Despite disappointing home sales in the first quarter of the year as winter storms took their toll, home prices increased 1.3 percent over the first three months of the year on a seasonally-adjusted basis for the purchase-only market, according to the Federal Housing Finance Agency (FHFA).
“Although the first quarter saw relatively weak real estate transaction activity—in part due to seasonal factors—home prices continued to push higher in the first quarter,” said Andrew Leventis, principal economist for FHFA, with the release of the agency’s House Price Index.
Leventis cites the “modest inventories of homes available for sale” as a major factor in the first-quarter increase.
While the rose 1.3 percent over the quarter, first-quarter prices were 6.6 percent higher than prices recorded in the first quarter of last year, according to FHFA. This compares to just 0.8 percent growth in the price of other goods and services.
When adjusted for inflation, first-quarter home prices are 5.7 percent higher than they were one year ago.
Home prices rose in 42 states and the District of Columbia over the first quarter of the year.
On an annual basis, only one state posted a price decline over the year in March—Vermont, with a 1.24 percent decline.
Nevada ranked highest for annual price appreciation in March, with a 20.96 percent rise.

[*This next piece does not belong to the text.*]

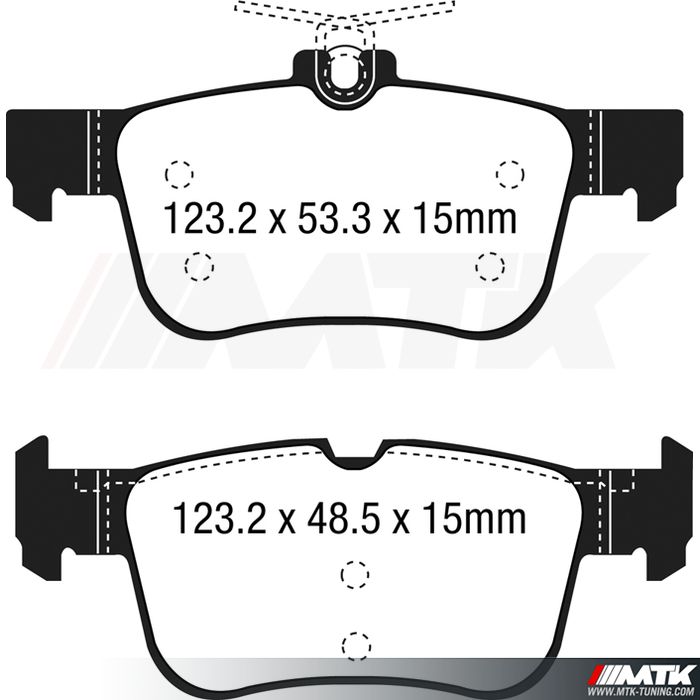 Plaquettes arrière EBC Brakes Ford S-Max II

The District of Columbia (19.78 percent) ranked second, followed by California (15.78 percent), Arizona (14.72 percent), and Florida (10.65 percent).

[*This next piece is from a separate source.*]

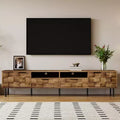 JVNOXK 78.70 inch Mid Century TV Stand with 2 Drawers, Media Console Table for TVs up to 85'', Entertainment Center with Storage for Living room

Among the nine Census divisions, FHFA noted “substantive decelerations” in prices over the past year in the two divisions that posted the greatest price gains over the previous year.
In the Pacific division, prices increased 12.4 percent over the year in March after posting a 15.8 percent gain over the year in March 2013.
In the Mountain division, prices increased 9.8 percent over the year in March, down from a 14 percent gain a year earlier.
The smallest price gain was recorded in the Middle Atlantic division, where prices rose 2 percent. This price gain matches that of a year ago. No division posted a decline in prices over the year in March.
Of the 100 largest metropolitan areas, the Charleston metro posted the greatest price gain compared to last year’s first quarter: 10.7 percent.
The lowest price increase took place in the New Orleans metro area, where prices declined 2.6 percent over the year.
FHFA also tracks “distress-free” home prices in 12 large metros, which excludes sales of bank-owned properties and short sales. In nine of the 12, the distress-free index reported lower price appreciation than the traditional purchase-only indexes.
The agency’s index came out the same day as the Case-Shiller Home Price Indices, which showed prices up 12.4 percent in 20 of the nation’s biggest markets—a slight cut from a 12.9 percent increase recorded in February.